On Monday the ‘recession’ word was mentioned in a treasury report about the New Zealand economy, and yesterday the country’s most respected private economic forecasting and research group used the phrase "stagflation underway" to sum up the current outlook for the NZ economy.
Its all gloom and doom across the Tasman, for very good reason.
The updated outlook was issued by the NZ Institute of Economic Research in Wellington.It again makes sobering reading for those interested in the Australian companies invested in NZ.
Earnings from there are going to be hard to come by in the next year to 18 months.
"Results from NZIER’s Quarterly Survey of Business Opinion (QSBO) for the June 2008 quarter paint a picture of negative economic growth and strong, persistent inflationary pressures," the report started.
"Statistics New Zealand recently reported that real Gross Domestic Product (GDP) fell by 0.3% in the March 2008 quarter.
"Indicators of domestic trading activity from the latest QSBO suggest economic activity declined further in the June quarter and is likely to decline again in the September quarter which will make it three quarters of negative economic growth in a row.
"On a seasonally adjusted basis, a net 18% of firms reported a decline in their own activity and a net 18% expect their trading activity to fall in the next three months.
“These figures are at their most negative since June 1998 and December 1982, respectively.
"The movements in the trading activity indicators reflect the movements in real Gross Domestic Product (GDP) closely over time."
"While there has been a notable easing in the difficulty finding labour, other indicators of inflation (capacity utilisation, pricing and cost experiences and intentions) suggest that strong inflationary pressures will persist, which will increase the Reserve Bank’s discomfort in relation to pricing intentions and inflationary expectations.
"Although indicators of activity have dropped sharply in the latest survey, indicators of confidence about the general business situation improved slightly.
"They remain near low levels compared with historical experience, however.
"On a seasonally adjusted basis, a net 54% of firms expect the general business situation to deteriorate in the next six months.
"This compares with a net balance of 56% of firms which expected a deteriorating business situation in the March survey. The 56% figure was the highest expecting deterioration since December 2005."
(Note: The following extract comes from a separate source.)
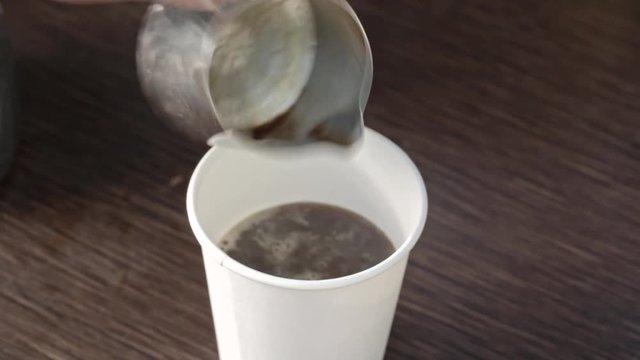 Hands of male barista pouring fresh coffee into biodegradable cup, putting milk into it and adding cinnamon 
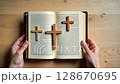 Three wooden crosses on an open Holy Bible held by hands. Concept of Christian faith, Easter, and the crucifixion of Jesus Christ. Top view. 128670695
A net 23% of firms expect domestic trading will decline over the next three months compared with 10% in the previous poll and a net 40% of the 923 businesses surveyed last month said profits will fall, the most since December 1982.
A net 64% of companies (the same as in the previous survey) believe the NZ economy will deteriorate in the next six months.
A net 71% expect their costs will go up and a net 49% of companies surveyed said they are likely to raise prices in the next three months, compared to 45% in the March survey.
The Institute says that’s the highest since March 1987 and suggests annual inflation may exceed 4%.
This, plus other surveys, falling exports, house prices and retail sales, and the contraction in the first quarter, suggest that the NZ economy may have slumped into a recession in the June quarter, despite hopes by some forecasters of a small expansion.
The Institute said: "Excluding seasonal adjustment, the business confidence statistic has improved for manufacturers and builders but deteriorated slightly for merchants and service firms. The depreciation of the currency over the quarter is likely to have contributed significantly to the improvement in manufacturers’ confidence.
"The slowing domestic consumer demand as households have had to deal with increased fuel costs, higher interest rates on mortgages and higher food prices, while paying increased taxation due to fiscal drag, is likely to have been a significant factor in the declines in merchants and service firms’ confidence indicators."
The NZ Treasury department Monday cut its forecast for economic growth in the year to March 31, 2009, to about 1% from 1.5%. That would be slowest annual growth since 1998.
"The past month has seen the release of data that confirm a sharp slowing of growth in early 2008 and point to further weakness in the June 2008 quarter," the June report said.
"It is possible that the economy has experienced a technical recession (where real GDP declines for two consecutive quarters) in the first half of 2008."